## Brief
In the entries that follow, find the line containing "Riley hospital for children" and the line containing "15778 Lawrence 2130 Property Photo 16", then copy exactly everything from the first through the second except the pictures.

## Excerpted data
Start of Block

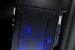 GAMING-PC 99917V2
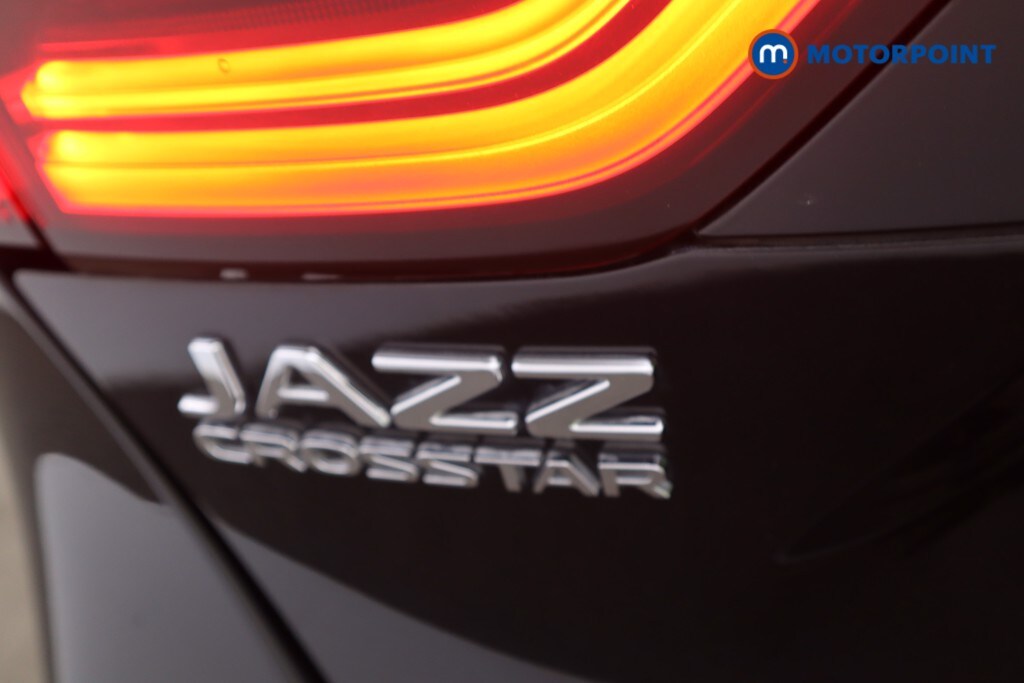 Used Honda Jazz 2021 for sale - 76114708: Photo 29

End of Block
Start of Block

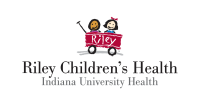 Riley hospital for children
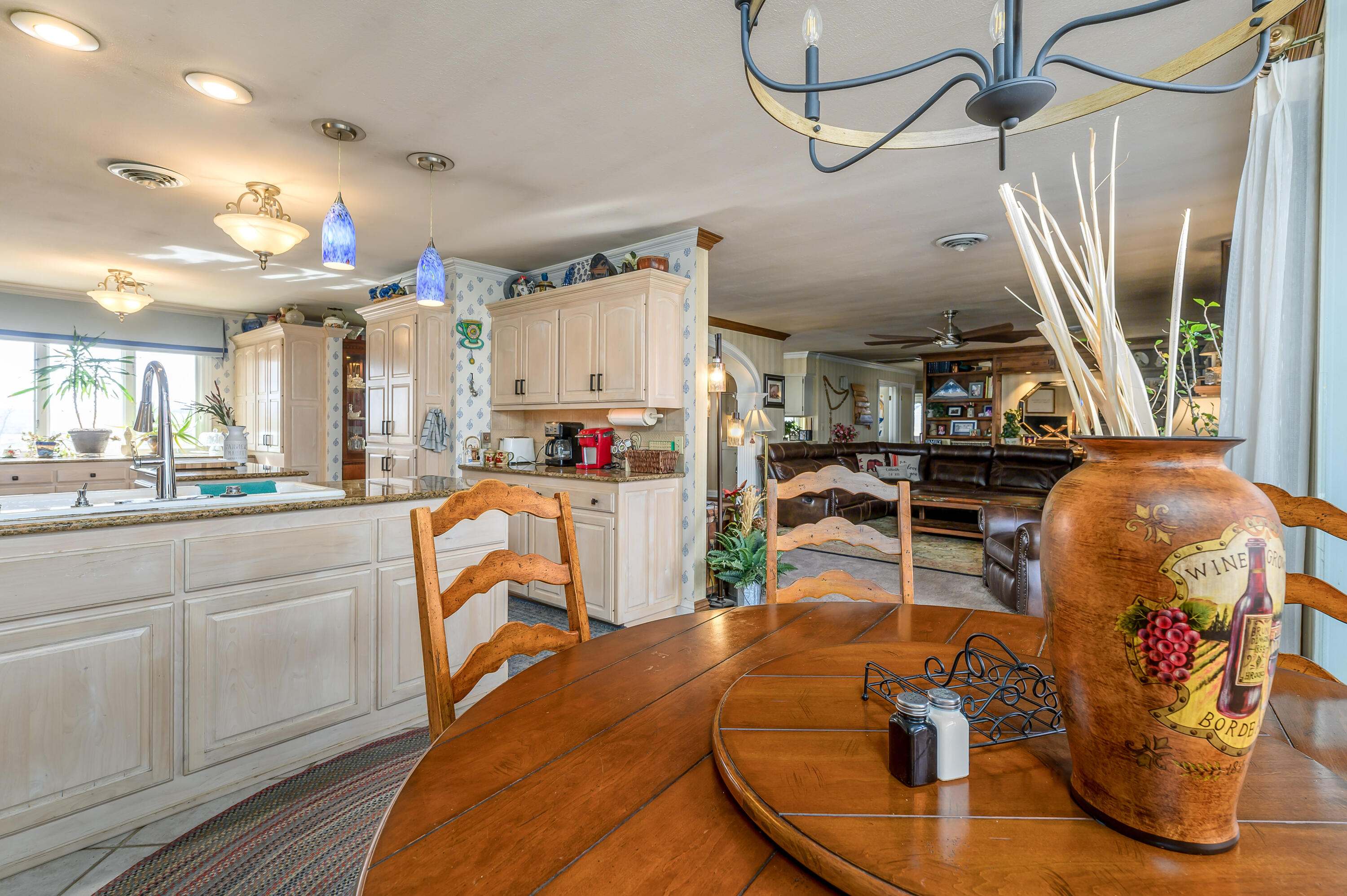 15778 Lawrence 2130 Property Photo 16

End of Block
Start of Block

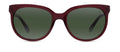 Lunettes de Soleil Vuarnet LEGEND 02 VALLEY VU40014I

End of Block

## Answer to this exercise
 Riley hospital for children
 15778 Lawrence 2130 Property Photo 16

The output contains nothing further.